EXERCISE DATA below:

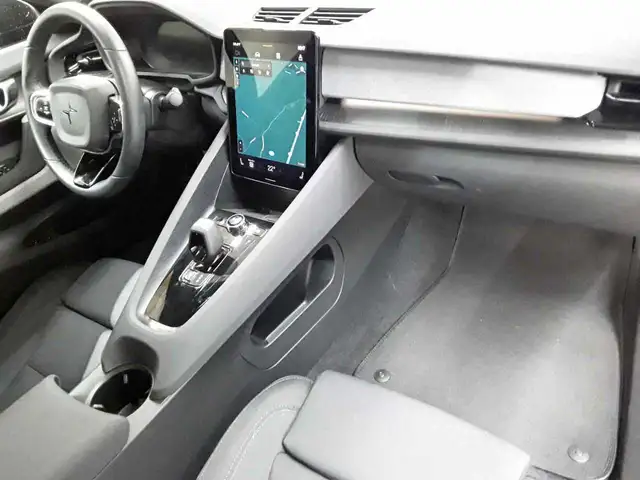 Polestar 2 view 9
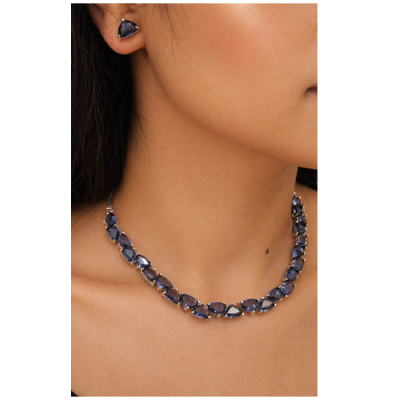Hiraola's Product Image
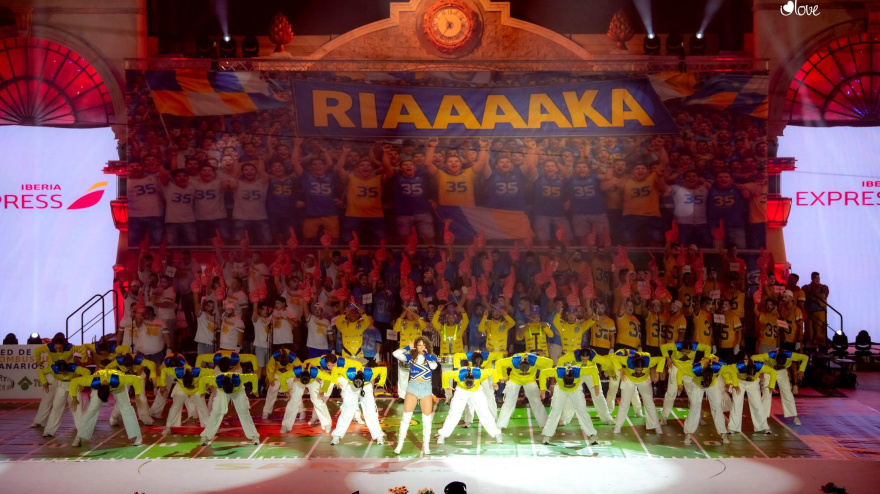 El show de la Superbowl de Trapaseros en la final de murgas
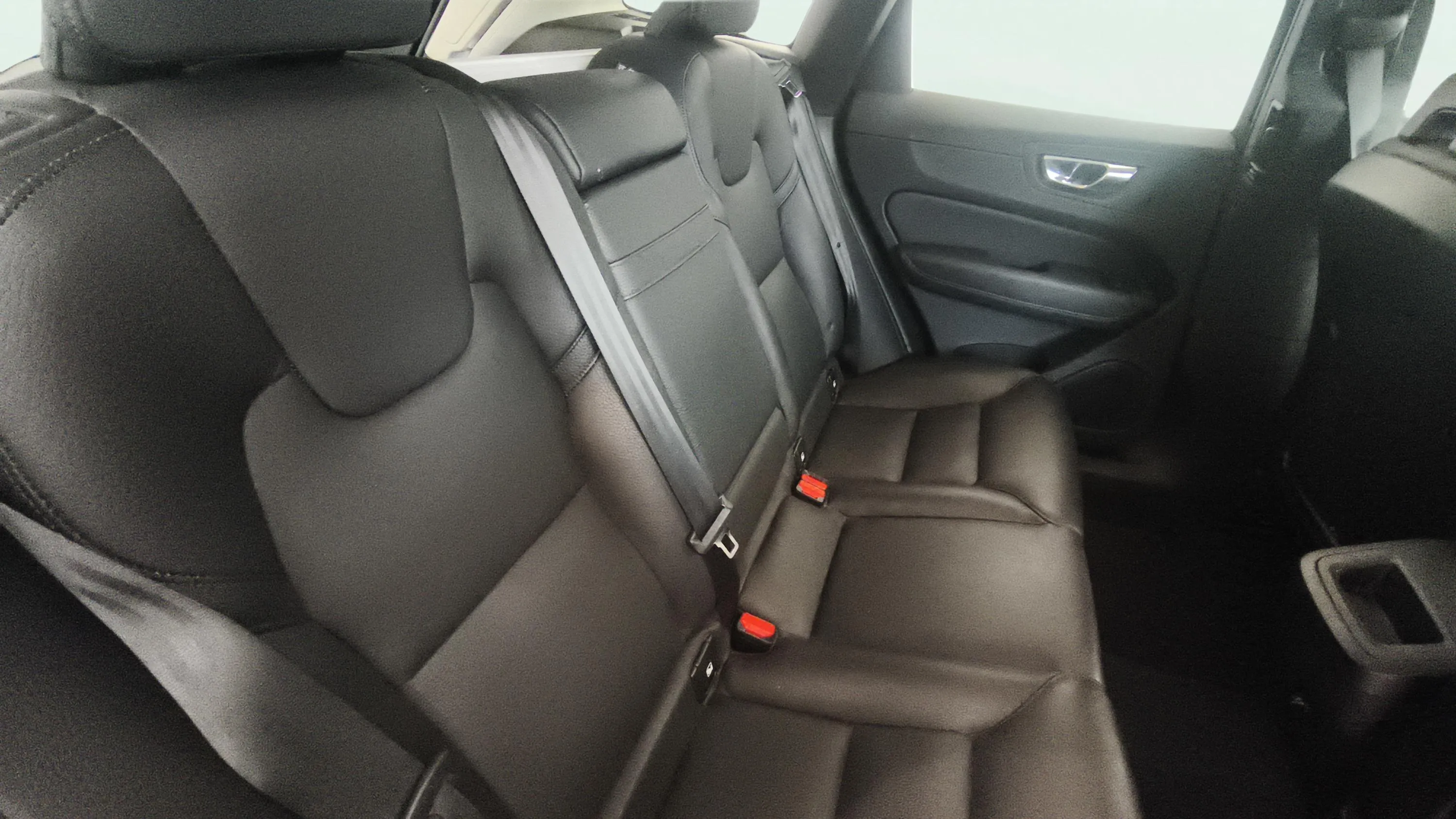 Volvo XC60 2.0 D4 Inscription - foto 9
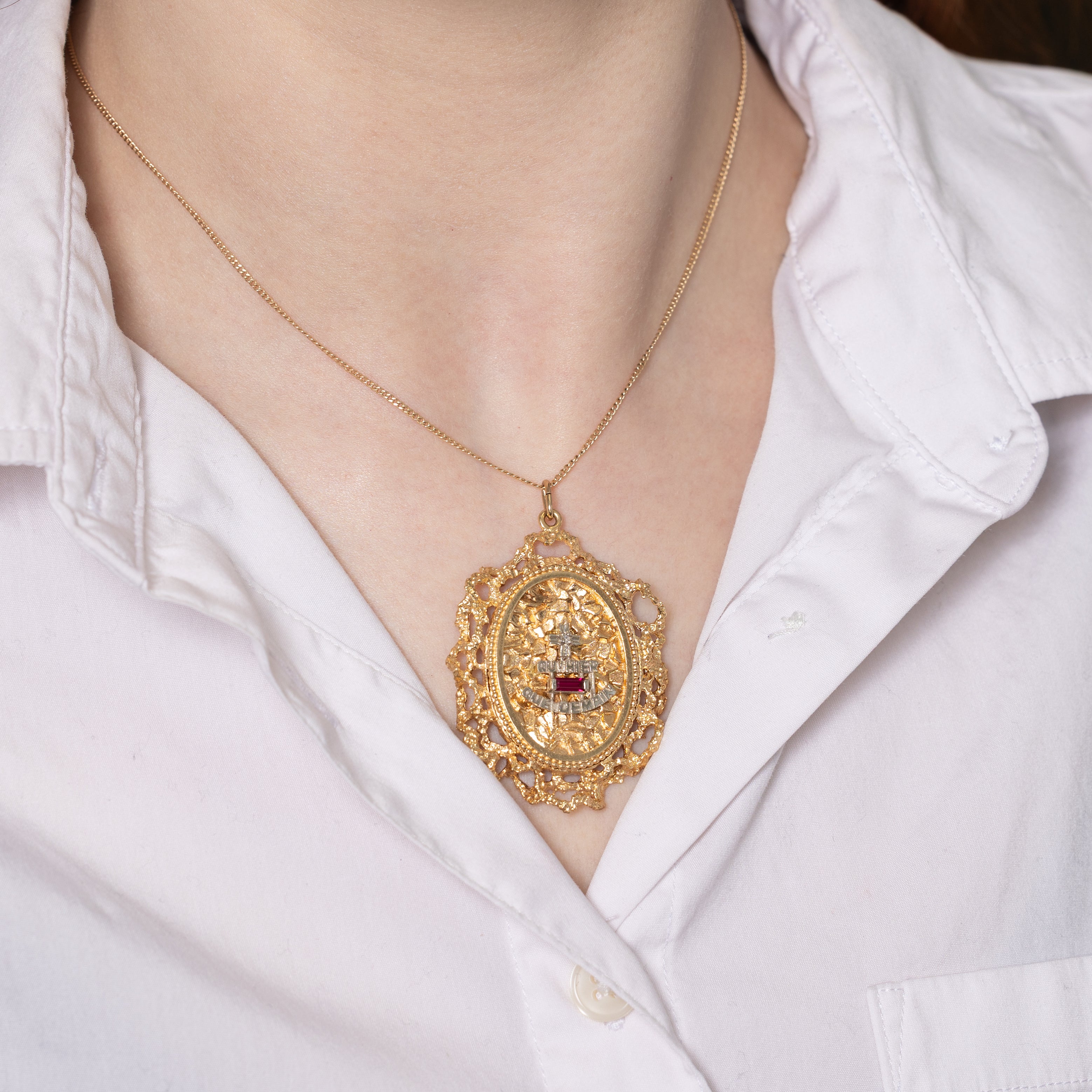 Synthetic Ruby & Diamond French Augis Love Pendant | 0.17ct, 0.01ct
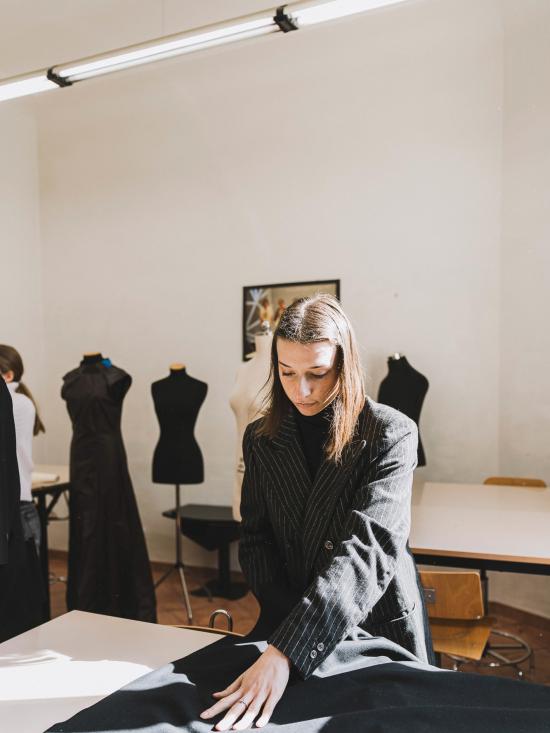 ONE-YEAR COURSE IN FASHION DESIGN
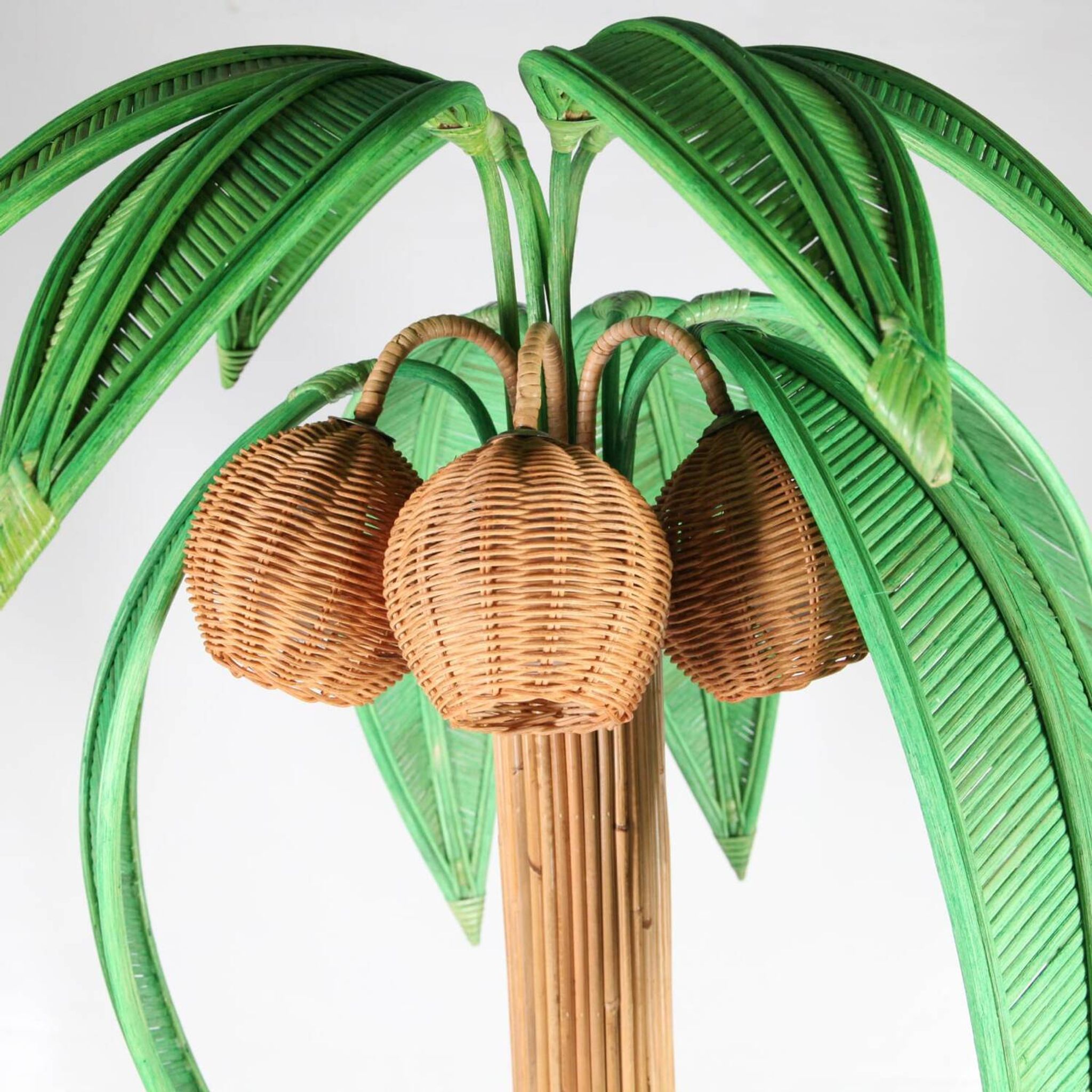 Lampadaire « cocotier/palmier » en rotin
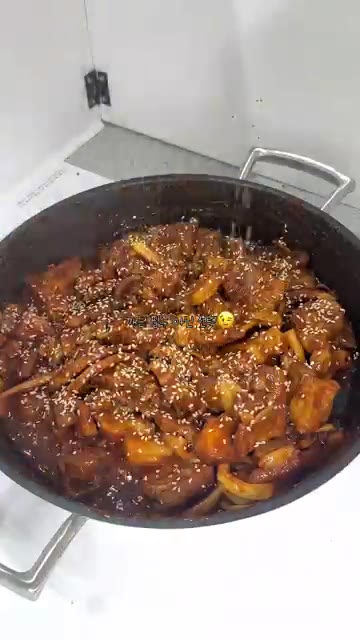 마지막으로 참기름과 깨를 뿌려 마무리한다. — 오삼불고기 레시피
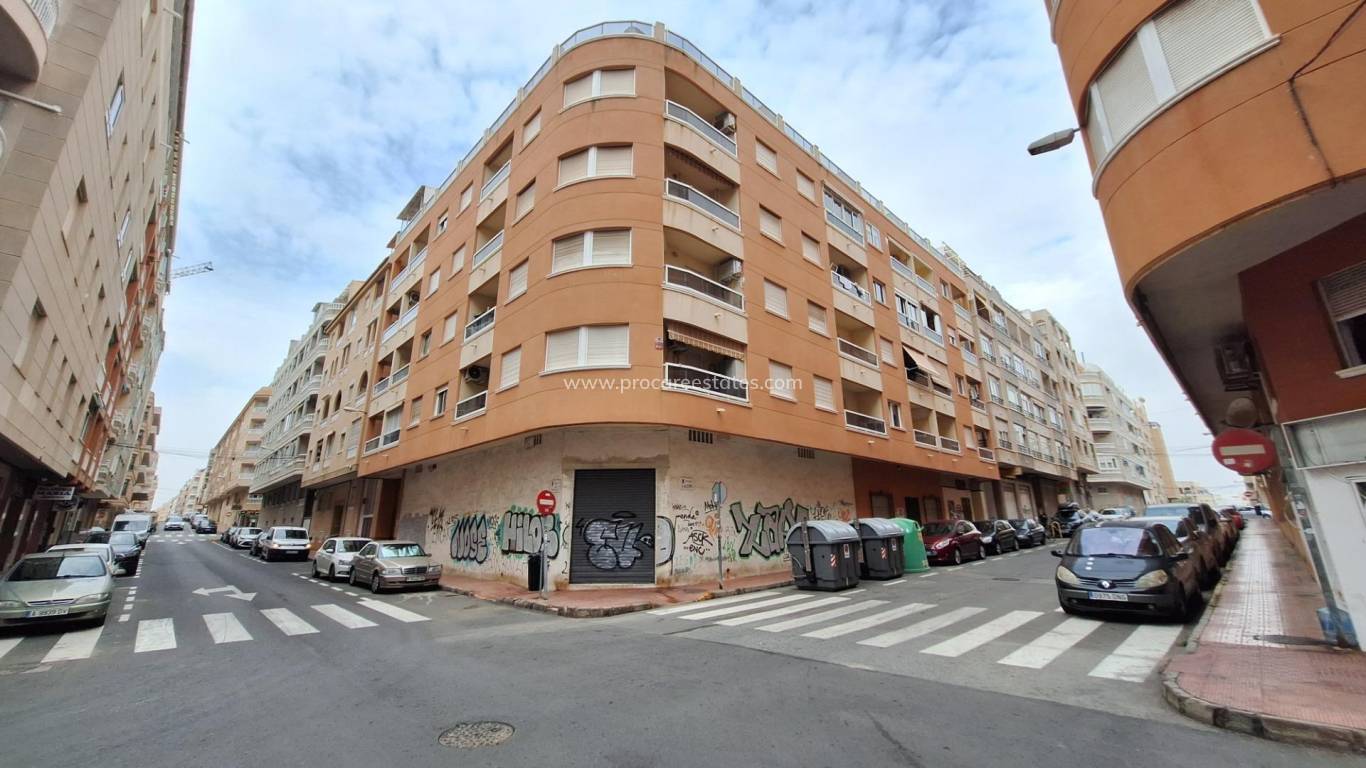 Resale - Apartment - Torrevieja - Torrevieja Center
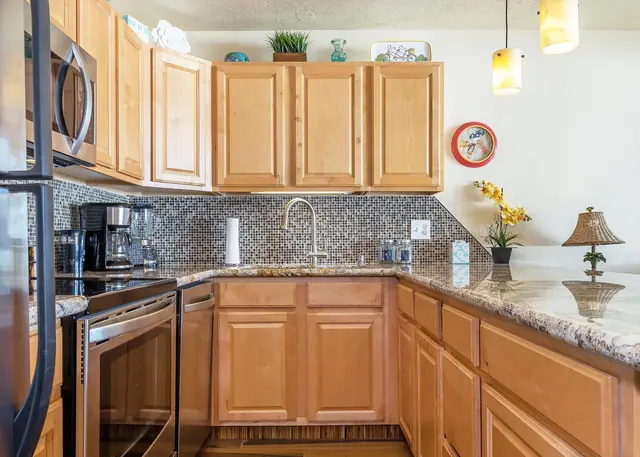 Listing Image for 50 Hauoli St 106 15 of 24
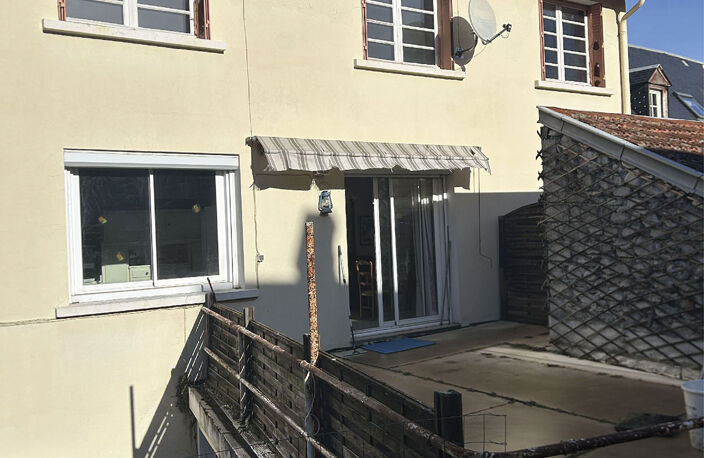 MAISON AVEC 2 APPARTEMENTS GARAGE TERRASSE ET JARDIN — photo 3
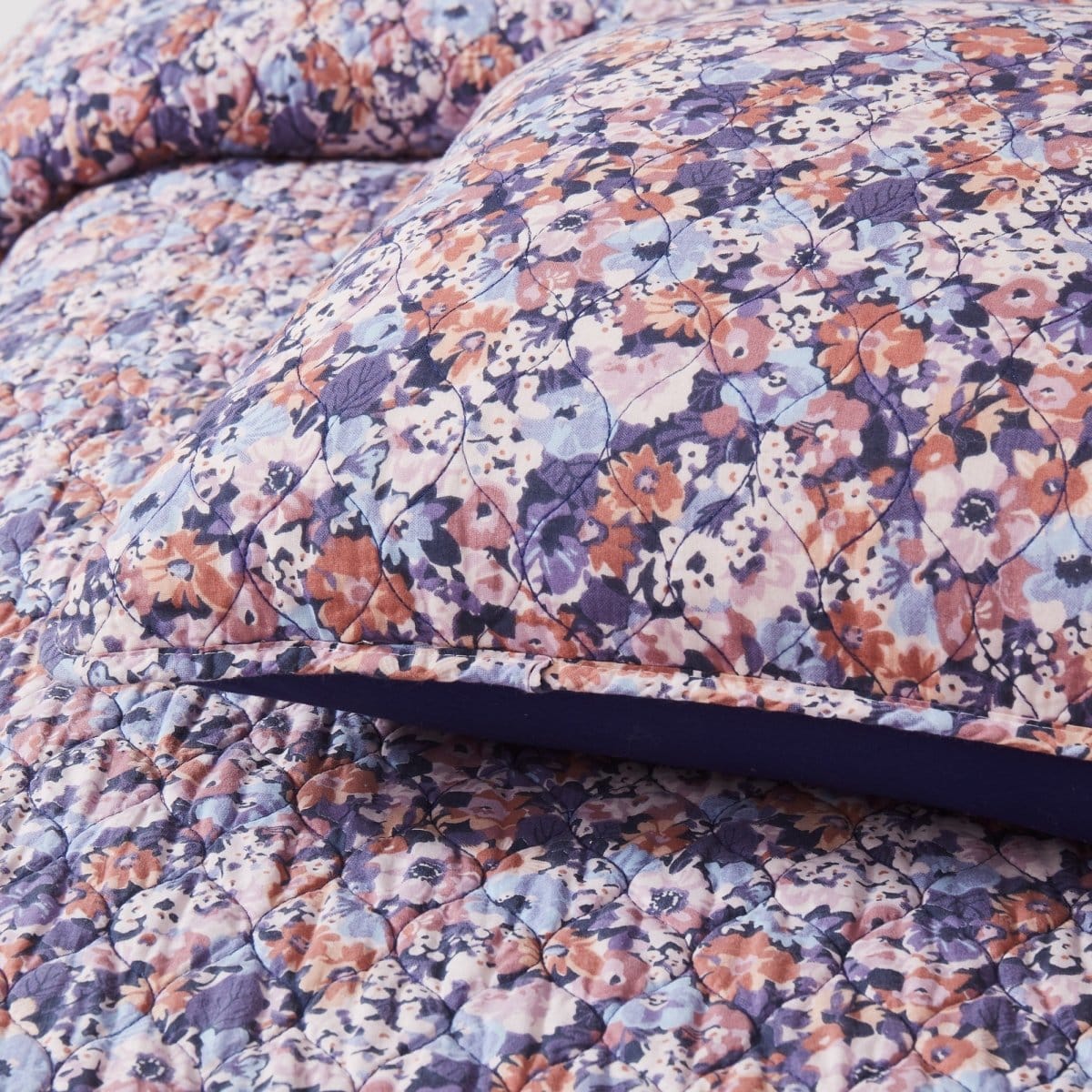 Alicia Camo Floral Cotton Quilt Set - Image 8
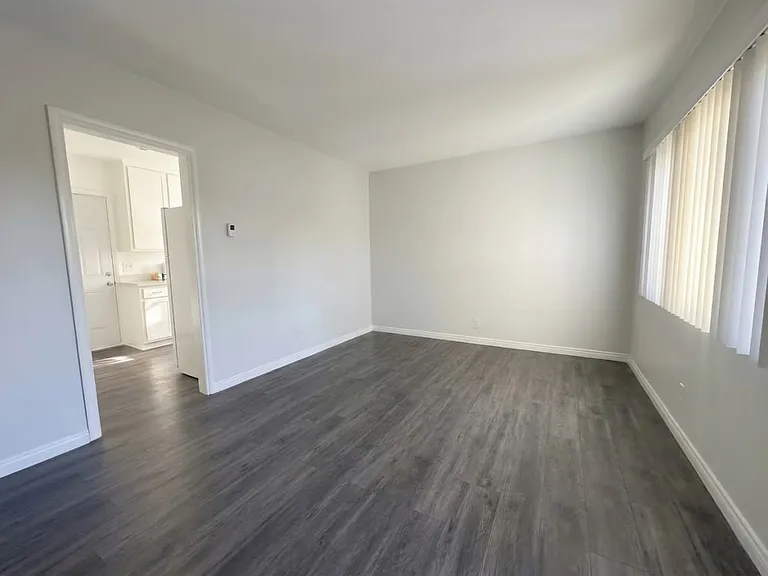 1125 W 111th St #1/2 — Photo 4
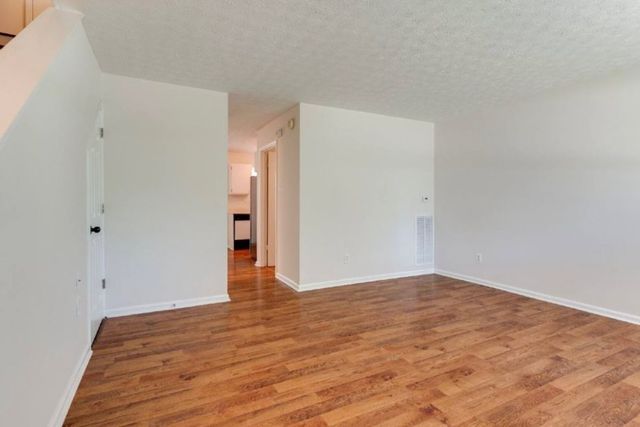 104 Waterview Dr, Hendersonville, TN 37075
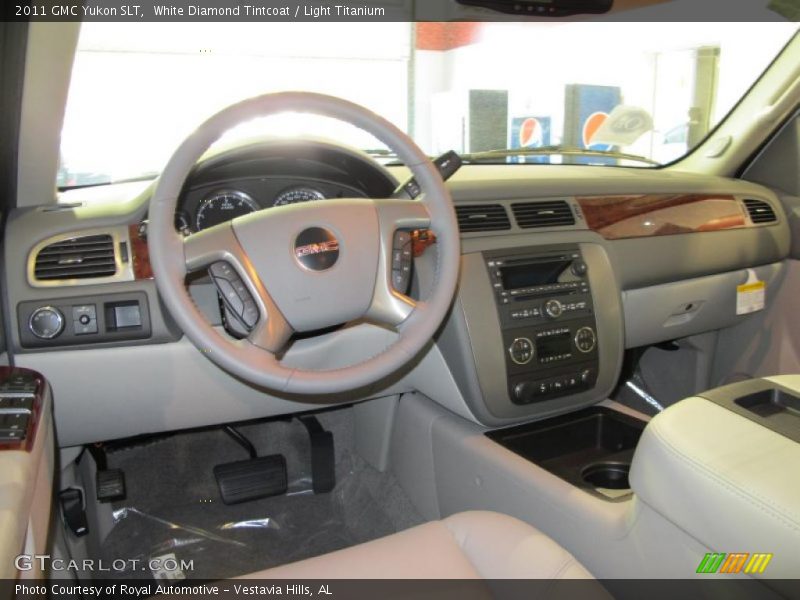 White Diamond Tintcoat / Light Titanium 2011 GMC Yukon SLT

End of EXERCISE DATA.

WHAT THE TASK ASKS
Pictures stay out; copy every entry above exactly.

WRITTEN SOLUTION
 Polestar 2 view 9
Hiraola's Product Image
 El show de la Superbowl de Trapaseros en la final de murgas
 Volvo XC60 2.0 D4 Inscription - foto 9
 Synthetic Ruby & Diamond French Augis Love Pendant | 0.17ct, 0.01ct
 ONE-YEAR COURSE IN FASHION DESIGN
 Lampadaire « cocotier/palmier » en rotin
 마지막으로 참기름과 깨를 뿌려 마무리한다. — 오삼불고기 레시피
 Resale - Apartment - Torrevieja - Torrevieja Center
 Listing Image for 50 Hauoli St 106 15 of 24
 MAISON AVEC 2 APPARTEMENTS GARAGE TERRASSE ET JARDIN — photo 3
 Alicia Camo Floral Cotton Quilt Set - Image 8
 1125 W 111th St #1/2 — Photo 4
 104 Waterview Dr, Hendersonville, TN 37075
 White Diamond Tintcoat / Light Titanium 2011 GMC Yukon SLT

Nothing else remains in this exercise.